It is perfectly fine to work with multi-level columns, but sometimes you may want to flatten them for easier access. You can manually assign the column names after aggregation to flatten the columns.

df_salary_by_dept4 = df.groupby('dept', as_index=False).agg({'salary': ['min', 'max', 'mean', 'sum', 'count', 'std']})

display(df_salary_by_dept4)
print('Columns before (multi-level, not flat):')
print(df_salary_by_dept4.columns)

# manually assign column names
df_salary_by_dept4.columns = ['dept', 'min_salary', 'max_salary', 'mean_salary', 'total_salary', 'num_employees', 'std_dev']

display(df_salary_by_dept4)
print('Columns after (flat-level):')
print(df_salary_by_dept4.columns)

▶️ Copy the provided code to the code cell below and run it.

df_salary_by_dept4 = df.groupby("dept", as_index=False).agg(
    {"salary": ["min", "max", "mean", "sum", "count", "std"]}
)

df_salary_by_dept4

▶️ Check the columns of the DataFrame before flattening.

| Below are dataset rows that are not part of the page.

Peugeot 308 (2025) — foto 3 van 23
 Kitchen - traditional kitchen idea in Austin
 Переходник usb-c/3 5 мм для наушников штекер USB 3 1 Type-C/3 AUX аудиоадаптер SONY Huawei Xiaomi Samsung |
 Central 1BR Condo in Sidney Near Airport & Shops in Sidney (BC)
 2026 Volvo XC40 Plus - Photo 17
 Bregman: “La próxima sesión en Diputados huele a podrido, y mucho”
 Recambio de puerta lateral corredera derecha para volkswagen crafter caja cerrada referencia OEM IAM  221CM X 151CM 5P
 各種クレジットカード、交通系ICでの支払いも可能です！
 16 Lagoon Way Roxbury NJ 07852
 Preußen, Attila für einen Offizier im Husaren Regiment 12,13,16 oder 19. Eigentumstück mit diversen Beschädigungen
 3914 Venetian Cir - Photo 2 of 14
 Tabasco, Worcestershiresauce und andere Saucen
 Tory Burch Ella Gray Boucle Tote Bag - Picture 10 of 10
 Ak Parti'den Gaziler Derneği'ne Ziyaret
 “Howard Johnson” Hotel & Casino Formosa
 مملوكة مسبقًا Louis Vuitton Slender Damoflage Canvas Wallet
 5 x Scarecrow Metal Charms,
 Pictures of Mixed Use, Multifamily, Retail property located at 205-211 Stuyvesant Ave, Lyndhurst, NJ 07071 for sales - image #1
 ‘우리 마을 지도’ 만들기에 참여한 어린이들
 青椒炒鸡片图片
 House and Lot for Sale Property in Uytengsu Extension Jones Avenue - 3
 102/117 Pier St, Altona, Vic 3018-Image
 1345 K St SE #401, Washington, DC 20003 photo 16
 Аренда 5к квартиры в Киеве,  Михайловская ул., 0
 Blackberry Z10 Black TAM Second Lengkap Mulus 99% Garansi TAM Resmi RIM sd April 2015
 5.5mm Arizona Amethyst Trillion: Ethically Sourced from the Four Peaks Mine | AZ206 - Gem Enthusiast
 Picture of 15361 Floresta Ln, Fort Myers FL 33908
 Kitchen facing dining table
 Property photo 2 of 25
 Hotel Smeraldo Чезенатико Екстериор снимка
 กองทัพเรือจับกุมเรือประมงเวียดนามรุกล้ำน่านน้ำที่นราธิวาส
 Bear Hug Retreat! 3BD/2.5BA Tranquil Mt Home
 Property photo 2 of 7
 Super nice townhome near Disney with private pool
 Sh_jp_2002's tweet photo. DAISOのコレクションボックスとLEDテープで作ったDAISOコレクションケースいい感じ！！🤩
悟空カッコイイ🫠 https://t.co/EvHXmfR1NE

print("Columns before flattening:")

df_salary_by_dept4.columns

Columns before flattening:

MultiIndex([(  'dept',      ''),
            ('salary',   'min'),
            ('salary',   'max'),
            ('salary',  'mean'),
            ('salary',   'sum'),
            ('salary', 'count'),
            ('salary',   'std')],
           )

▶️ Flatten the columns by manually assigning new column names.

df_salary_by_dept4.columns = [
    "dept",
    "min_salary",
    "max_salary",
    "mean_salary",
    "total_salary",
    "num_employees",
    "std_dev",
]

df_salary_by_dept4

▶️ Check the columns of the DataFrame after flattening.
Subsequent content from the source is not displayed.